The Deputy Prime Minister gave a speech on 13 November 2012 announcing the extension of various pieces of legislation designed to assist working families. This followed last year’s ‘Consultation on Modern Workplaces’. We now have a response from the Government on to two strands of the consultation, flexible parental leave and flexible working. The reforms are driven by what Nick Clegg referred to as the “one million women missing from the UK economy”, namely women who would like to work but who find themselves locked out of the labour market when they have a family. He believes that this absence of women from the working environment is adversely affecting our economy.

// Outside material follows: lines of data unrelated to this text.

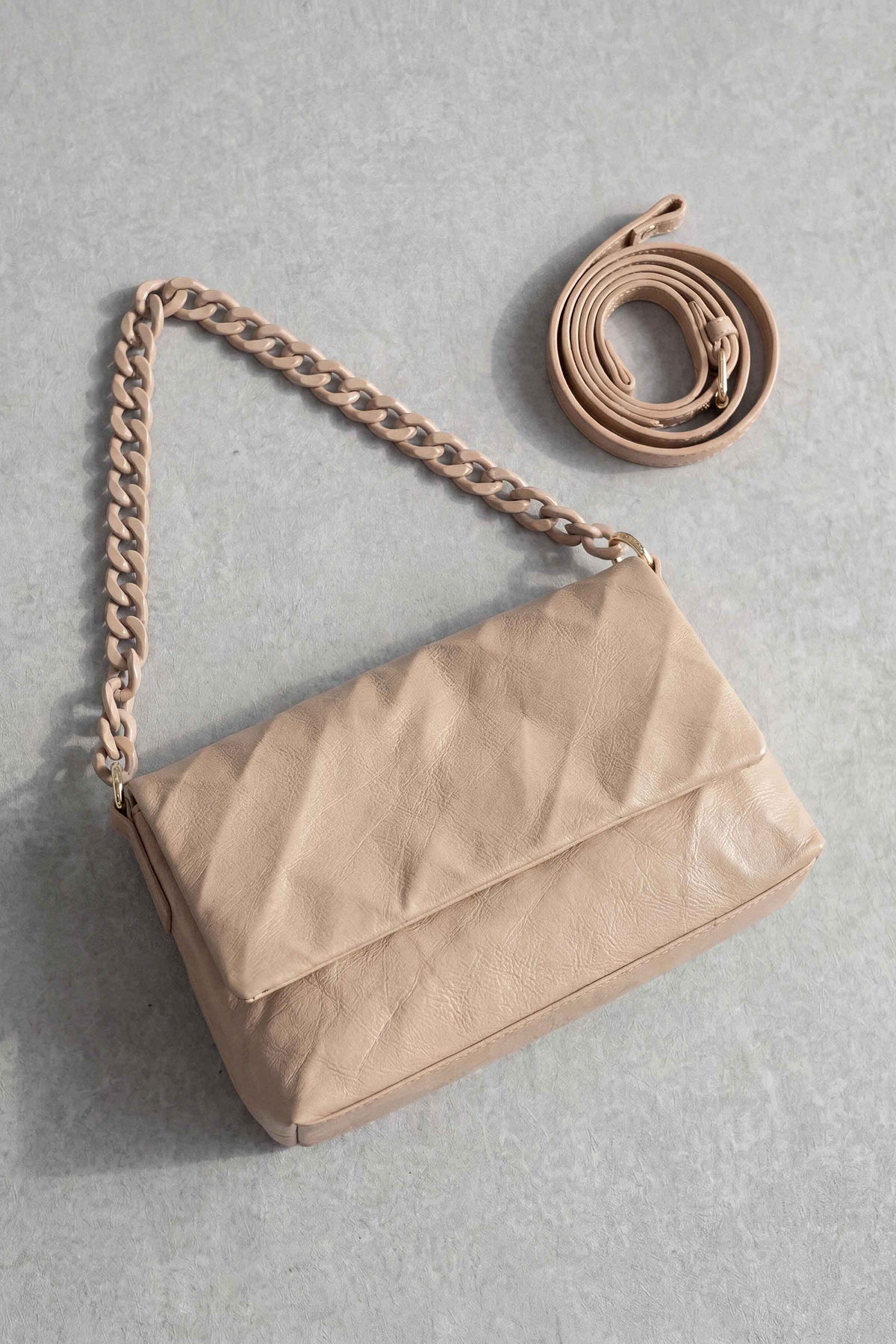 Beige Shoulder Bag-1716862118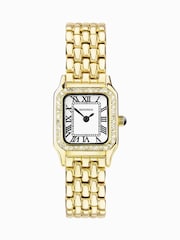 Sekonda Womens Monica 20mm Analogue Gold Tone Watch With Case And Alloy Bracelet With White Dial - Image 2 of 6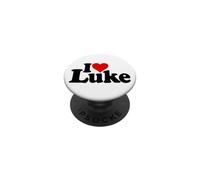 I LOVE HEART LUKE NAME ON A TEE PopSockets Adhesive PopGrip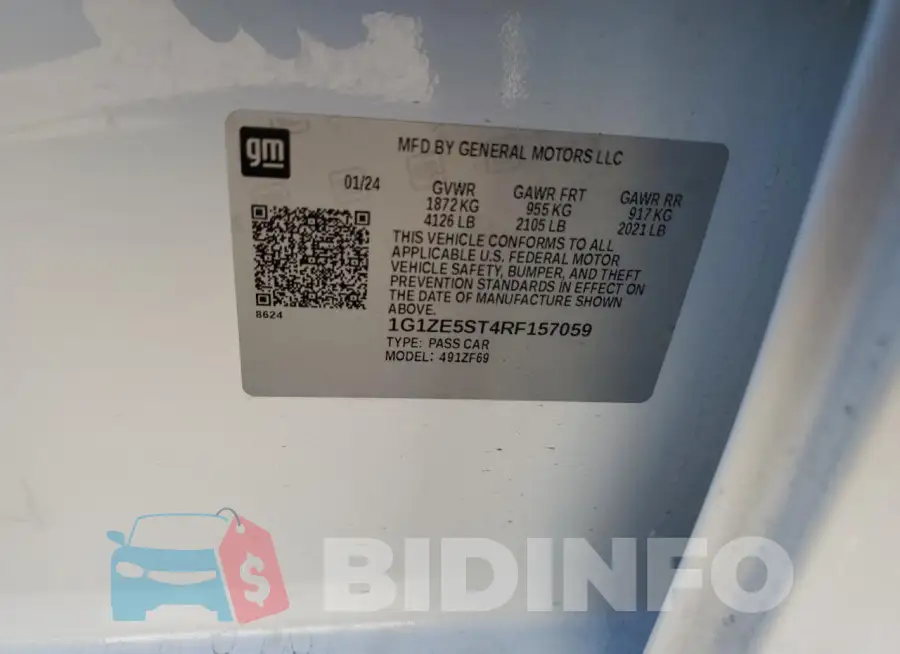 1G1ZE5ST4RF157059 Photo# 12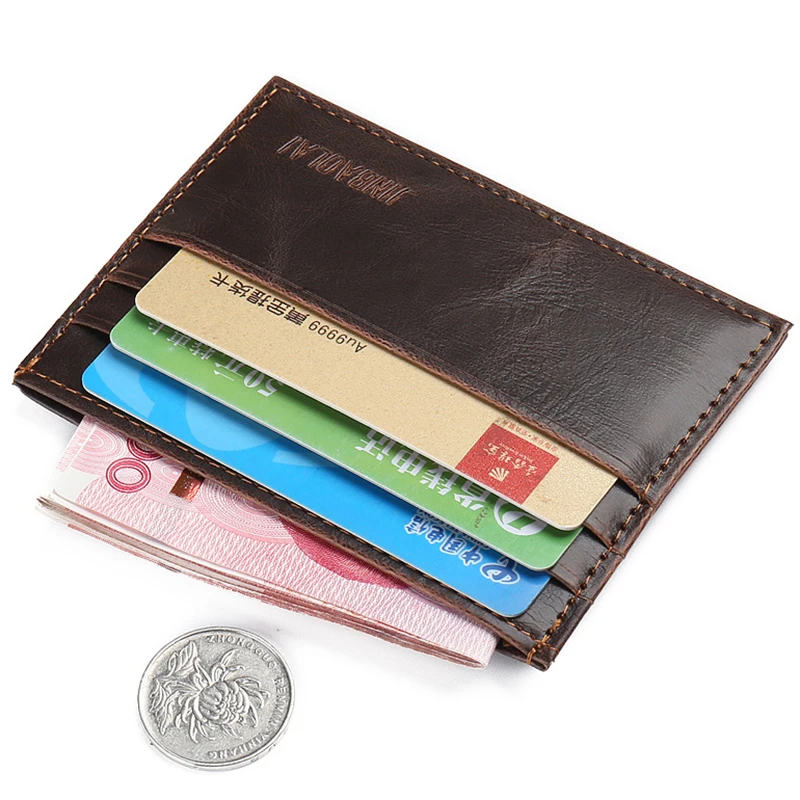 Ультравысоком тонком карты бумажник мужчины высокое качество натуральной 100%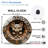 Creative Wall Clock with Adorable Fox Design Art - 12'' Modern Glass Wall Clock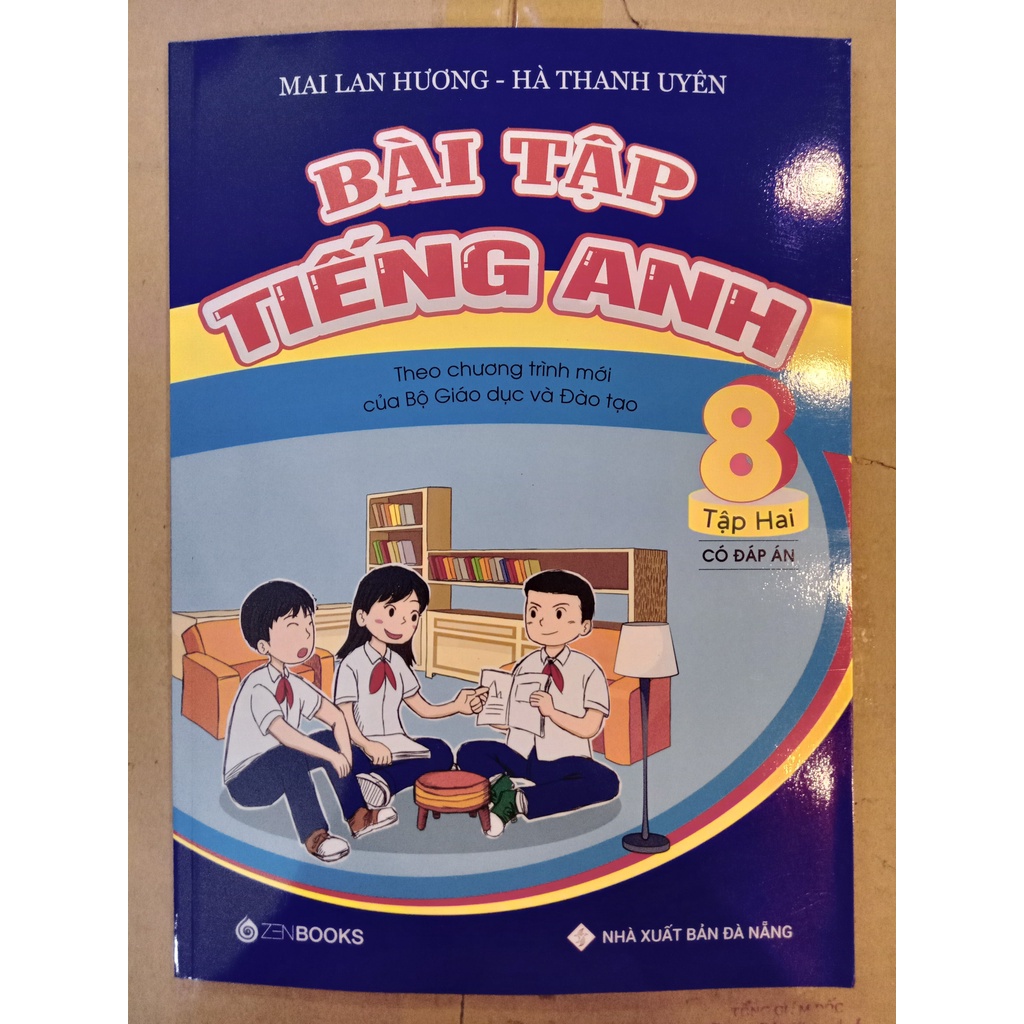 Sách - Bài tập Tiếng Anh 8 Tập 2 Có đáp án (Theo chương trình mới)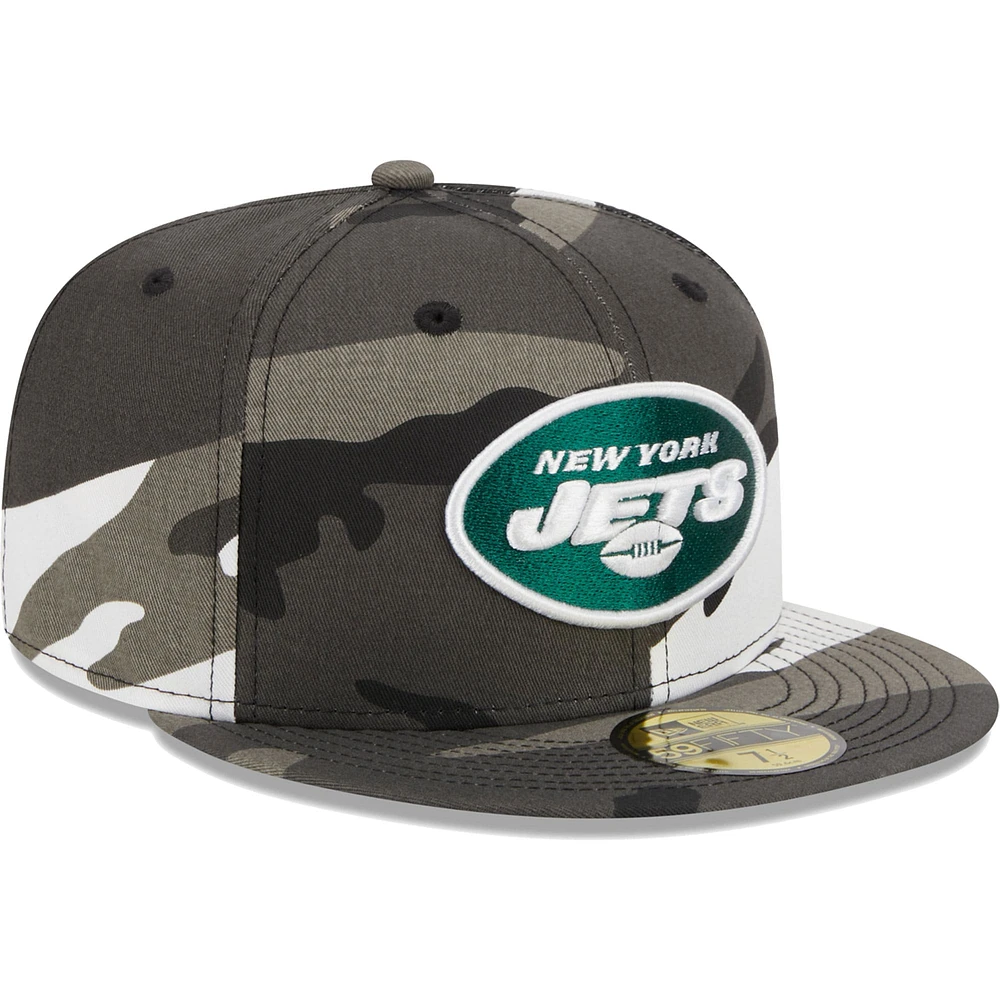 Casquette ajustée 59FIFTY Urban Camo New York Jets pour hommes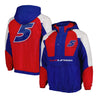 Men's Kyle Larson Starter Royal/Red The Body Check Half-Snap Pullover Jacket - Vintage F1 Racewear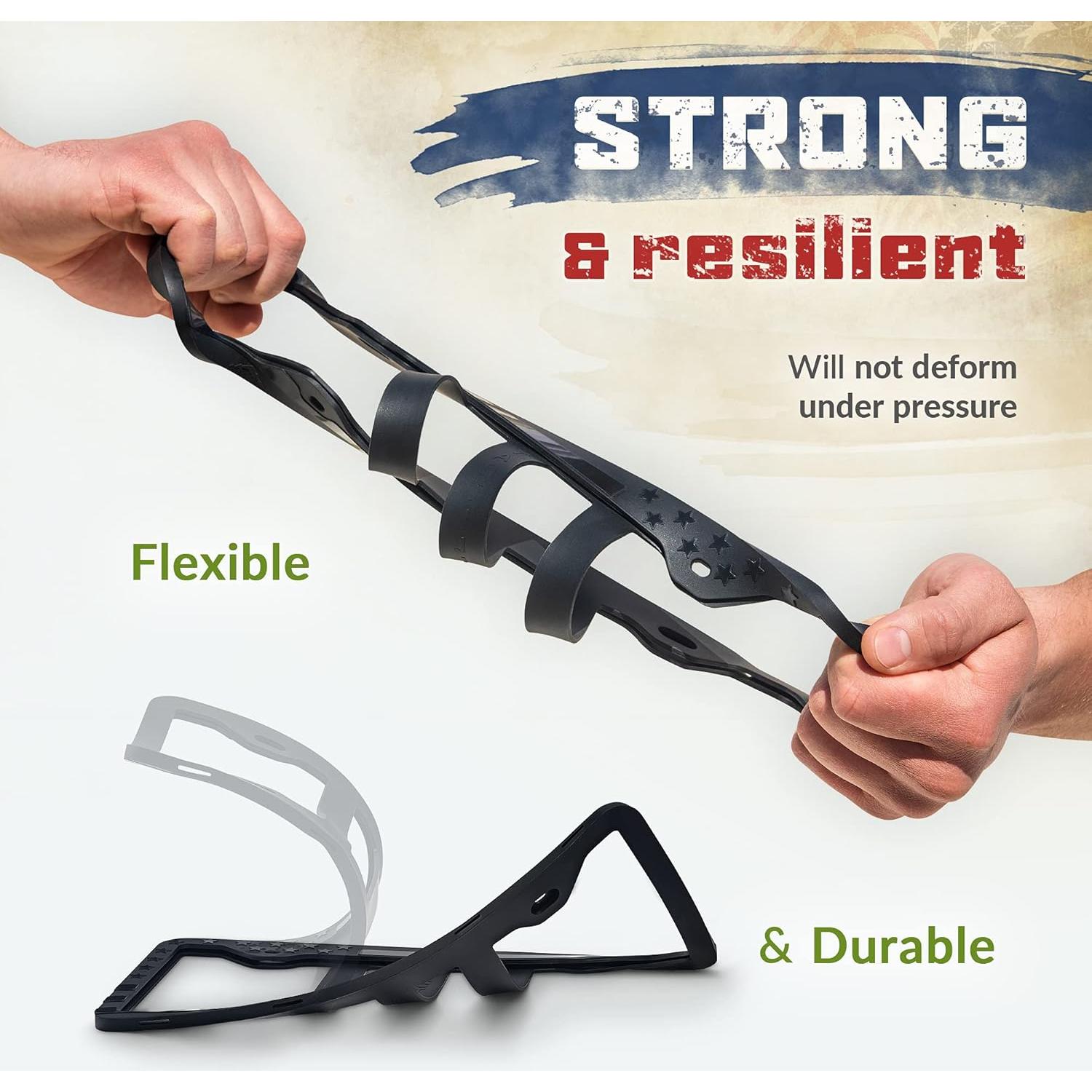 Marco de Placa de Licencia Silicona Tactilian Bandera Americana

So what does the Government propose? First, the Government will change the law so that from 2015 the UK will have a new system of flexible parental leave with the option to share leave more flexibly between parents and for longer. The primary idea is that both working parents will be able to share the current 12 months’ statutory maternity leave (combined with 9 months’ statutory maternity pay) either consecutively or concurrently, in a minimum of one week blocks. Secondly, as well as extending the rights of adoptive parents to paid leave in order to avoid discrepancies with biological parents, the Government will increase the maximum period of unpaid parental leave from 13 to 18 weeks in March 2013.

Finally, the Government has also announced an intention to extend the right to request flexible working, such as flexi-time, compressed hours and working from home. Currently this right allows certain employees to request a change in hours, times or location of work for the purpose of enabling childcare for children under the age of 17 (or a disabled child under 18, or certain adults). This applies to parents and others, such as adopters and guardians, responsible for the upbringing of children. The Government’s new plan is that from 2014 this right will be extended to all employees, albeit limited to the purpose of care, opening the right up to working relatives and possibly close family friends. Although employees will still have to have half a year’s continuous employment to make the request, the procedural requirements will be swept away leaving employers with the obligation to deal with requests “in a reasonable manner and within a reasonable period of time”.

Undoubtedly the Government’s plans will give parents more choice, but it is not clear that these changes will necessarily fulfil the Government’s vision of returning more women to work, allowing employer’s to retain their best staff and aiding an economic recovery. In relation to requests for flexible working, as now employers can refuse any request made if they have reason to believe that their business will be adversely affected. As for the sharing of parental leave, it is far from clear what the level of take up will be between couples and whether it will allow, as Nick Clegg is apparently seeking, better equality in the workplace and an opportunity for women to fulfil their working ambitions.